Short text fragments from websites
________________________________________
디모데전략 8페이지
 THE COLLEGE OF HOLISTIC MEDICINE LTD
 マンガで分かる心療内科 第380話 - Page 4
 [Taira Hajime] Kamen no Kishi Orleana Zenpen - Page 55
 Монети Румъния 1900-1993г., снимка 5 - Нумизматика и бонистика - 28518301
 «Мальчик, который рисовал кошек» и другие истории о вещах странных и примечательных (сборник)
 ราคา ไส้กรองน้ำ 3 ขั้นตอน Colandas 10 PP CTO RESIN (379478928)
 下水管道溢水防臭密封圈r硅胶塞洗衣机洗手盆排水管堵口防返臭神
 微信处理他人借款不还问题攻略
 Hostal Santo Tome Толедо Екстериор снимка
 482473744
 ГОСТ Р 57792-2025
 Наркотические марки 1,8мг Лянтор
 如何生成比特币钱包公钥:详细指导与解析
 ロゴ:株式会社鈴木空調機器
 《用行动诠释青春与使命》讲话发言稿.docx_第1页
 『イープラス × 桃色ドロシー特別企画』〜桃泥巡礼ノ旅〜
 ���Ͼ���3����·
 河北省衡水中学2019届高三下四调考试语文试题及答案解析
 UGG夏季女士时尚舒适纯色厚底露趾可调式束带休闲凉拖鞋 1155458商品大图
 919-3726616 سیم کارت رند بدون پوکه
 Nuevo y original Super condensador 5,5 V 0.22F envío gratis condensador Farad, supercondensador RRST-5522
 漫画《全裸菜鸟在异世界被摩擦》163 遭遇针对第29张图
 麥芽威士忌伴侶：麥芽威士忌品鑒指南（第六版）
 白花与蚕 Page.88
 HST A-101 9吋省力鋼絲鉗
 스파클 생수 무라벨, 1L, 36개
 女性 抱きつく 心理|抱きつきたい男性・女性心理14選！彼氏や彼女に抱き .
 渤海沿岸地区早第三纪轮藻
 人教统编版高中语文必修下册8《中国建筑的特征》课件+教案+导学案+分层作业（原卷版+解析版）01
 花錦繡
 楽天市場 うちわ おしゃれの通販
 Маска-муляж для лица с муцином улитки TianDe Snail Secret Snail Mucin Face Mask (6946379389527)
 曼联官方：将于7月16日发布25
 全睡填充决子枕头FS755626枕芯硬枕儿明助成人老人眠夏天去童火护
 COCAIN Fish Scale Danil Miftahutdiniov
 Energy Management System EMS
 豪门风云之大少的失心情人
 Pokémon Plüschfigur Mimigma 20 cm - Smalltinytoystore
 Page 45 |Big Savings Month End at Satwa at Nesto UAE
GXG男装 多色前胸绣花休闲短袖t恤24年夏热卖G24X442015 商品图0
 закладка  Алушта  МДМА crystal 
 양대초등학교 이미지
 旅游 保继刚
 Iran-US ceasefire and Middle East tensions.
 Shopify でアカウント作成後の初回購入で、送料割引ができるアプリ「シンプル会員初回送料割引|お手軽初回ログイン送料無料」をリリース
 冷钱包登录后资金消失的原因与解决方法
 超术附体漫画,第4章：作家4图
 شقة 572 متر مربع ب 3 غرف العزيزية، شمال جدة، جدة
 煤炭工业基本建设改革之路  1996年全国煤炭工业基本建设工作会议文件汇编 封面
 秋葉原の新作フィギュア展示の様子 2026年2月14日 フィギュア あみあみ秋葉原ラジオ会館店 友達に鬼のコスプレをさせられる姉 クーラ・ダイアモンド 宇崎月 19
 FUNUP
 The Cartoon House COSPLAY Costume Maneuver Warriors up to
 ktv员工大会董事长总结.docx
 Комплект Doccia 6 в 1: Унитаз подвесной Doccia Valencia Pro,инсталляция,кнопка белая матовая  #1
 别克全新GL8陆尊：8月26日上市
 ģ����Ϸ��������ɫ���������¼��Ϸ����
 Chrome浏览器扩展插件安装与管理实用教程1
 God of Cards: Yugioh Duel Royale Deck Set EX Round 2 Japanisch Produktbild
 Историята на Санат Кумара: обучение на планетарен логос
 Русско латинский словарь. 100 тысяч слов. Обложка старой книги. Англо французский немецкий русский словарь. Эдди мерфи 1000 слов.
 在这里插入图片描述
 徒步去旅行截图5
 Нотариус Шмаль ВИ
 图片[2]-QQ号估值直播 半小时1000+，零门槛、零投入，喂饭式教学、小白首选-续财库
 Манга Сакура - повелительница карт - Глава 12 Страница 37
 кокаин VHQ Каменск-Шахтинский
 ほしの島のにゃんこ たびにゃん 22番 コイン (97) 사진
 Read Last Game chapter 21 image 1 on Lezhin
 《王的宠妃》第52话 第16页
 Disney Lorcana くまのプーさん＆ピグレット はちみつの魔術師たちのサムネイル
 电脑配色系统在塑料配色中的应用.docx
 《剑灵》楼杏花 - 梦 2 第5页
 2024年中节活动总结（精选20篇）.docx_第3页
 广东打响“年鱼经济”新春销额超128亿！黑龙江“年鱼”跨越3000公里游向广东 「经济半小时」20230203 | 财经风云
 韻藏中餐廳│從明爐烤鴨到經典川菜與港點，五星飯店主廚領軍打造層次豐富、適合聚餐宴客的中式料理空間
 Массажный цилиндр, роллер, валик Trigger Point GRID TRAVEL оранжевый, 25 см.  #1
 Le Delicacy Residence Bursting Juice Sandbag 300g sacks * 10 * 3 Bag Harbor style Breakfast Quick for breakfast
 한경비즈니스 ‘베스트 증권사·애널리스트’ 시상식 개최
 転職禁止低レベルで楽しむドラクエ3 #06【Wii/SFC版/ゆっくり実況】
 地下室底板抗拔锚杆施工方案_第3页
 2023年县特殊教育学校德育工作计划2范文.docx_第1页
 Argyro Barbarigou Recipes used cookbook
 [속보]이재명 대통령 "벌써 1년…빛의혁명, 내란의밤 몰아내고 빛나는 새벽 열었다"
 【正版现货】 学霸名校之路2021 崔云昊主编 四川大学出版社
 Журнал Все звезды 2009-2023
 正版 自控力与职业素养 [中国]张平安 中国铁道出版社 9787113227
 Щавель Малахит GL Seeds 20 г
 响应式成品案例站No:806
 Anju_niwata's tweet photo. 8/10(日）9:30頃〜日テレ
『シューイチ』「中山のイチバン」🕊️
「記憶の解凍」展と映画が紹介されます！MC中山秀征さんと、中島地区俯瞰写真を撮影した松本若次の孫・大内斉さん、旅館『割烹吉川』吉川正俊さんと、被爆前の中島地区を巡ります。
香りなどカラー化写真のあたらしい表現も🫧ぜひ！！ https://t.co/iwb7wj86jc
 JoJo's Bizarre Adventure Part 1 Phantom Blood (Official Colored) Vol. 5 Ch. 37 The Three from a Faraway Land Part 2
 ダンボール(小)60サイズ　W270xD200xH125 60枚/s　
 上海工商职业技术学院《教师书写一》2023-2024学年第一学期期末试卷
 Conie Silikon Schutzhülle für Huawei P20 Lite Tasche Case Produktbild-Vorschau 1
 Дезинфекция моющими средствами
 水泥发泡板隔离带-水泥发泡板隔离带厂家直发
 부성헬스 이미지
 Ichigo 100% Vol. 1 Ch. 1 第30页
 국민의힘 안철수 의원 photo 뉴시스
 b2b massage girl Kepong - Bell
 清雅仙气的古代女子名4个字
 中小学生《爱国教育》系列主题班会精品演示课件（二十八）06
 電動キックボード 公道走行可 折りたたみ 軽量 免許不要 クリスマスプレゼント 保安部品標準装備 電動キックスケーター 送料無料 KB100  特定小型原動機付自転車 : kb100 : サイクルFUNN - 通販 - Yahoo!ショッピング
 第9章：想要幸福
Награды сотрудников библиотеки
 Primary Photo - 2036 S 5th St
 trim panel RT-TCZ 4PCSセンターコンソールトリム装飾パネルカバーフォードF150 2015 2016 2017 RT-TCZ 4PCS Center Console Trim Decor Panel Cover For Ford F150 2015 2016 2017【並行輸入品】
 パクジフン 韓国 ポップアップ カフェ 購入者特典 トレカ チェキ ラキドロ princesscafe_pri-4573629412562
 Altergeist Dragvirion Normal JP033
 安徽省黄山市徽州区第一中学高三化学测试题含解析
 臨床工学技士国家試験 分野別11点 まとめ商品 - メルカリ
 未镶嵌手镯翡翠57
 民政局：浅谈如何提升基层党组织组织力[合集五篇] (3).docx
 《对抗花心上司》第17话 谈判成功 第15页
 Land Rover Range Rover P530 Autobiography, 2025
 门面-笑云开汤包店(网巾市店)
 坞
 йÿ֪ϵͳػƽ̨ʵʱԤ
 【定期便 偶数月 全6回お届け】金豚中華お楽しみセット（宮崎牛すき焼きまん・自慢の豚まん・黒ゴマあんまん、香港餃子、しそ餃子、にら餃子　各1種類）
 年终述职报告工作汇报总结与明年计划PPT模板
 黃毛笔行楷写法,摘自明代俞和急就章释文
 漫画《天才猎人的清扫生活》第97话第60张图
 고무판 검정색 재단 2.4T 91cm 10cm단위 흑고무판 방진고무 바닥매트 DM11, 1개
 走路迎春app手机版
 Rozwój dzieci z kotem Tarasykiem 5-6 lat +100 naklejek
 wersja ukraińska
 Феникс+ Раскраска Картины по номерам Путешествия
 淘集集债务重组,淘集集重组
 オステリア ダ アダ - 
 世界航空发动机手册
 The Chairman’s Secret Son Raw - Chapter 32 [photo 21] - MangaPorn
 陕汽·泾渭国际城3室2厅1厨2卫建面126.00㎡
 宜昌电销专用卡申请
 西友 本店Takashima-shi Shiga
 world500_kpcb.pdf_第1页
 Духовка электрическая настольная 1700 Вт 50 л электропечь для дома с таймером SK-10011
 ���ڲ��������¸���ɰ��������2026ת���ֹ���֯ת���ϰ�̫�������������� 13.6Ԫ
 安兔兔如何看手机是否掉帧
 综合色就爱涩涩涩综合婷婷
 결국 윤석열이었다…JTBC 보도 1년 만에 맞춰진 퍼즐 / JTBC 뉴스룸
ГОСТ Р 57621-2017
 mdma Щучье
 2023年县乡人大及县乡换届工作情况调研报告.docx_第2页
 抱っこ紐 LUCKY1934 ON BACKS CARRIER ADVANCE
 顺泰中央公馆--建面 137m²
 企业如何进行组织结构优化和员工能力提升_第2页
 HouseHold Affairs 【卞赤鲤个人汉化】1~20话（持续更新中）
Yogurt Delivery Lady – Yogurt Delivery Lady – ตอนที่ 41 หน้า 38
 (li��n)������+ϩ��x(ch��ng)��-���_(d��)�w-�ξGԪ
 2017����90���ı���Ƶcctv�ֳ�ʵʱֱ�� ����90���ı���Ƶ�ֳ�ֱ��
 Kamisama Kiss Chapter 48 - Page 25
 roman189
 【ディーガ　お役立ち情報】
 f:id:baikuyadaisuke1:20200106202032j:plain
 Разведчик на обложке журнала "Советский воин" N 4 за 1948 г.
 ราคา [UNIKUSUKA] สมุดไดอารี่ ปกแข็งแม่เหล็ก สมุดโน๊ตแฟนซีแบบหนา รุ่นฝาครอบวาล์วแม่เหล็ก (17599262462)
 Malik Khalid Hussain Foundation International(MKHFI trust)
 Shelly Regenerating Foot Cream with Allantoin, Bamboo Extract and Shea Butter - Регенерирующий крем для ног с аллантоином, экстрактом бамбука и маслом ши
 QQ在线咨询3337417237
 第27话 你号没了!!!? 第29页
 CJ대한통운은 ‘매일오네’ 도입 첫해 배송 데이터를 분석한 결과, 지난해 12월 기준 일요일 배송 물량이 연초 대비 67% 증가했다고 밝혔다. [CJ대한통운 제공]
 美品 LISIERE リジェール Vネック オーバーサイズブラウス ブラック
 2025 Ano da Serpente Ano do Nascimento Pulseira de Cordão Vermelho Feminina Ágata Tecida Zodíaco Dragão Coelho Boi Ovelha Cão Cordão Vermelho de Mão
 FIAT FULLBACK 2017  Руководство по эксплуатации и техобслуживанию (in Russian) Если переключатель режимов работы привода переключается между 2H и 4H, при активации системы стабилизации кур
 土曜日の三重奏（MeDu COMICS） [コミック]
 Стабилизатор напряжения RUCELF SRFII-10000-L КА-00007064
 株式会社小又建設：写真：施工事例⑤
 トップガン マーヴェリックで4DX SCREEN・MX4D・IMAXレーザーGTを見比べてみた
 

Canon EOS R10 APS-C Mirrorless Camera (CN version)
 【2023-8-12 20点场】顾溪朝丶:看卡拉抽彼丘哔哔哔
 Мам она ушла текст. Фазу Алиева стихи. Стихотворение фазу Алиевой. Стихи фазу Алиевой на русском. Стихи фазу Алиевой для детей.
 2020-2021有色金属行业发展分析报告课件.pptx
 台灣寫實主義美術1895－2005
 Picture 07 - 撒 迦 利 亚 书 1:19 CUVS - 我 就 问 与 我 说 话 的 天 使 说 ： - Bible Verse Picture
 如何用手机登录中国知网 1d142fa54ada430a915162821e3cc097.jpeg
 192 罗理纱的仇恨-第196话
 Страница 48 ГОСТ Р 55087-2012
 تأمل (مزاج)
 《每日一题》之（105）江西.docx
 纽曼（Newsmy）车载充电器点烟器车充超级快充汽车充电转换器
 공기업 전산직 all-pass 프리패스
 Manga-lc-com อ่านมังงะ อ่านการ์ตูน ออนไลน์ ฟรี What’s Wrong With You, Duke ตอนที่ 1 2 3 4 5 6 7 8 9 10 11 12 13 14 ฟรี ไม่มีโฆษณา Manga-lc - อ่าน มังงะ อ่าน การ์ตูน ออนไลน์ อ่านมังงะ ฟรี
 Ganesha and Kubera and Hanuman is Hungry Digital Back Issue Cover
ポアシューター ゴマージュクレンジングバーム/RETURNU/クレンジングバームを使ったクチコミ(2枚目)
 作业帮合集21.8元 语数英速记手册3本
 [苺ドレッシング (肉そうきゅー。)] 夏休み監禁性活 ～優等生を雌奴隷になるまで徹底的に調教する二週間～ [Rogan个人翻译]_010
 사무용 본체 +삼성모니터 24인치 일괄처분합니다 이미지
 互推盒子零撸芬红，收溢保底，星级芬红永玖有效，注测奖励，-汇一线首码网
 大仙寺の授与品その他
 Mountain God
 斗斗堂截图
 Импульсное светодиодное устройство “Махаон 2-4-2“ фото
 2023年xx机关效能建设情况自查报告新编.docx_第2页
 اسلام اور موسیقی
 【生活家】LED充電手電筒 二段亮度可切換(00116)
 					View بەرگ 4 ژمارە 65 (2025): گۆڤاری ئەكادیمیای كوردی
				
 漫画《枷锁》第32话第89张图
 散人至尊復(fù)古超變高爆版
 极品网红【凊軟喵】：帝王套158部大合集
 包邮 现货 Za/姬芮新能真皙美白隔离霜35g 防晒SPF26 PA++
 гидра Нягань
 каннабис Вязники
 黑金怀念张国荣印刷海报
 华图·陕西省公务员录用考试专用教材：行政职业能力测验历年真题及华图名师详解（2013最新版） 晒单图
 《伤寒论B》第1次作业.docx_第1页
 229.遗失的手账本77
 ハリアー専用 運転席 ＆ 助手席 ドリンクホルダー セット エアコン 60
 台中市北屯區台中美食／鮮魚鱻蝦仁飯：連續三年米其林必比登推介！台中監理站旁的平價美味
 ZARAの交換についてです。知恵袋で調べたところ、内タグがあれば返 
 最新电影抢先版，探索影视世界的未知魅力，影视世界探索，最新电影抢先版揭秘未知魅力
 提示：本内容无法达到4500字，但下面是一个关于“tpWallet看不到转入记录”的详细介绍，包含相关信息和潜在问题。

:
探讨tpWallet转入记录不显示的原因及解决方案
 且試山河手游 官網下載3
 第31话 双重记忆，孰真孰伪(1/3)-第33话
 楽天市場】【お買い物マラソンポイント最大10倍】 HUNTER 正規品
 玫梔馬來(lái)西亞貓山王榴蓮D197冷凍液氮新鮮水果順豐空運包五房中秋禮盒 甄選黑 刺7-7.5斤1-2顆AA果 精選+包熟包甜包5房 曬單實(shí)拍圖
________________________________________
• **What this task involves**: In the records above, the line with "تأمل (مزاج)" marks the start and the line with "华图·陕西省公务员录用考试专" marks the end; copy that stretch exactly, both lines included, and nothing else.

• **Result**:
 تأمل (مزاج)
 《每日一题》之（105）江西.docx
 纽曼（Newsmy）车载充电器点烟器车充超级快充汽车充电转换器
 공기업 전산직 all-pass 프리패스
 Manga-lc-com อ่านมังงะ อ่านการ์ตูน ออนไลน์ ฟรี What’s Wrong With You, Duke ตอนที่ 1 2 3 4 5 6 7 8 9 10 11 12 13 14 ฟรี ไม่มีโฆษณา Manga-lc - อ่าน มังงะ อ่าน การ์ตูน ออนไลน์ อ่านมังงะ ฟรี
 Ganesha and Kubera and Hanuman is Hungry Digital Back Issue Cover
ポアシューター ゴマージュクレンジングバーム/RETURNU/クレンジングバームを使ったクチコミ(2枚目)
 作业帮合集21.8元 语数英速记手册3本
 [苺ドレッシング (肉そうきゅー。)] 夏休み監禁性活 ～優等生を雌奴隷になるまで徹底的に調教する二週間～ [Rogan个人翻译]_010
 사무용 본체 +삼성모니터 24인치 일괄처분합니다 이미지
 互推盒子零撸芬红，收溢保底，星级芬红永玖有效，注测奖励，-汇一线首码网
 大仙寺の授与品その他
 Mountain God
 斗斗堂截图
 Импульсное светодиодное устройство “Махаон 2-4-2“ фото
 2023年xx机关效能建设情况自查报告新编.docx_第2页
 اسلام اور موسیقی
 【生活家】LED充電手電筒 二段亮度可切換(00116)
 					View بەرگ 4 ژمارە 65 (2025): گۆڤاری ئەكادیمیای كوردی
				
 漫画《枷锁》第32话第89张图
 散人至尊復(fù)古超變高爆版
 极品网红【凊軟喵】：帝王套158部大合集
 包邮 现货 Za/姬芮新能真皙美白隔离霜35g 防晒SPF26 PA++
 гидра Нягань
 каннабис Вязники
 黑金怀念张国荣印刷海报
 华图·陕西省公务员录用考试专用教材：行政职业能力测验历年真题及华图名师详解（2013最新版） 晒单图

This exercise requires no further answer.